Captioned web image data
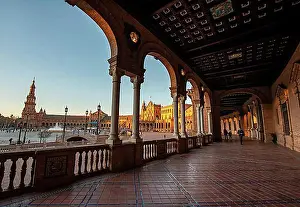 Atmospheric Light Prints: View from the gallery to the Plaza de Espana in the evening light
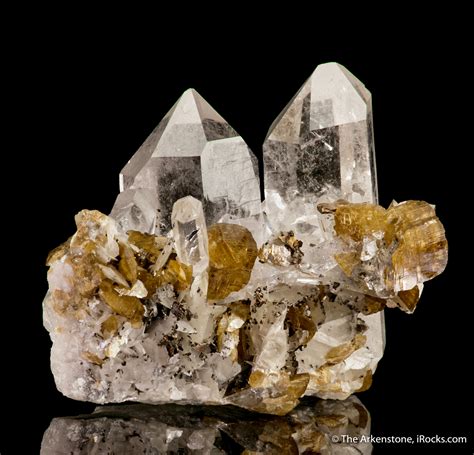 Siderite On Quartz With Cubanite Pyrrhotite Sm Morro Velho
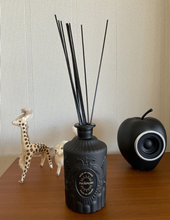 Load image into Gallery viewer, &quot;Panpuri&quot; Diffuser &quot;Leather Hours&quot; 100 ml.
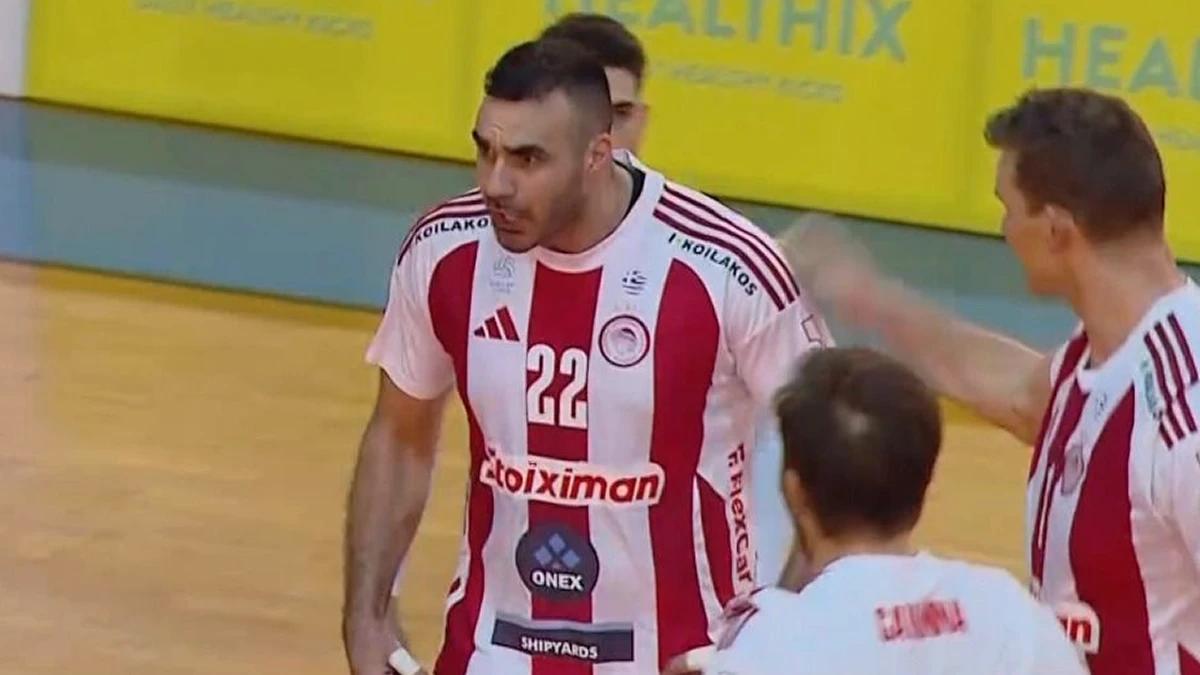 Οι παίκτες του Ολυμπιακού ΟΝΕΧ πανηγυρίζουν πόντο στο ντέρμπι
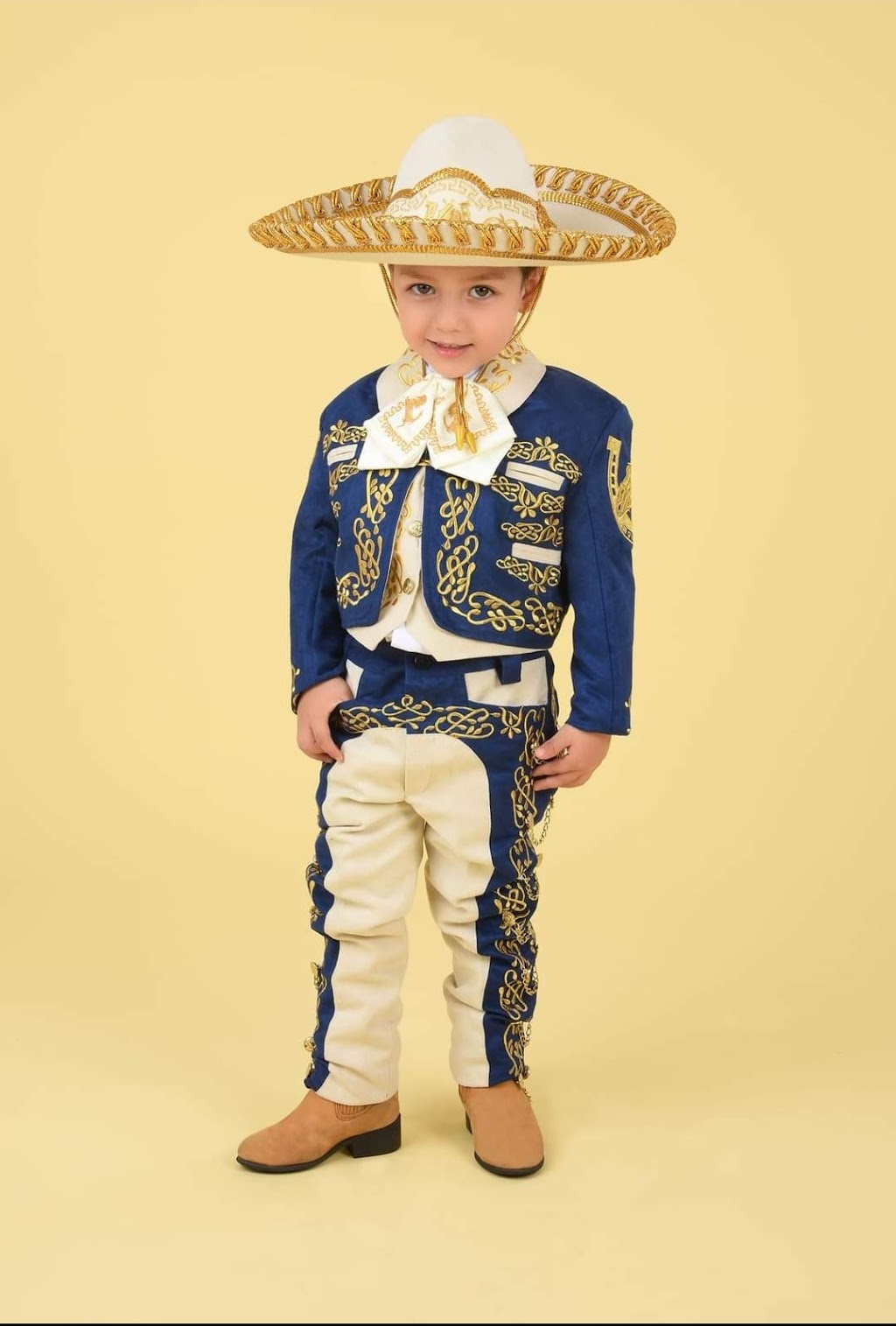 El Llaverito western wear | 9156 Rd 236, Terra Bella, CA 93270, USA | Phone: (805) 236-9902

◆ **What the exercise asks**: The entries above need to be output again in full, exactly, and without pictures.

◆ **Response to this task**:
 Atmospheric Light Prints: View from the gallery to the Plaza de Espana in the evening light
 Siderite On Quartz With Cubanite Pyrrhotite Sm Morro Velho
 Load image into Gallery viewer, &quot;Panpuri&quot; Diffuser &quot;Leather Hours&quot; 100 ml.
 Οι παίκτες του Ολυμπιακού ΟΝΕΧ πανηγυρίζουν πόντο στο ντέρμπι
 El Llaverito western wear | 9156 Rd 236, Terra Bella, CA 93270, USA | Phone: (805) 236-9902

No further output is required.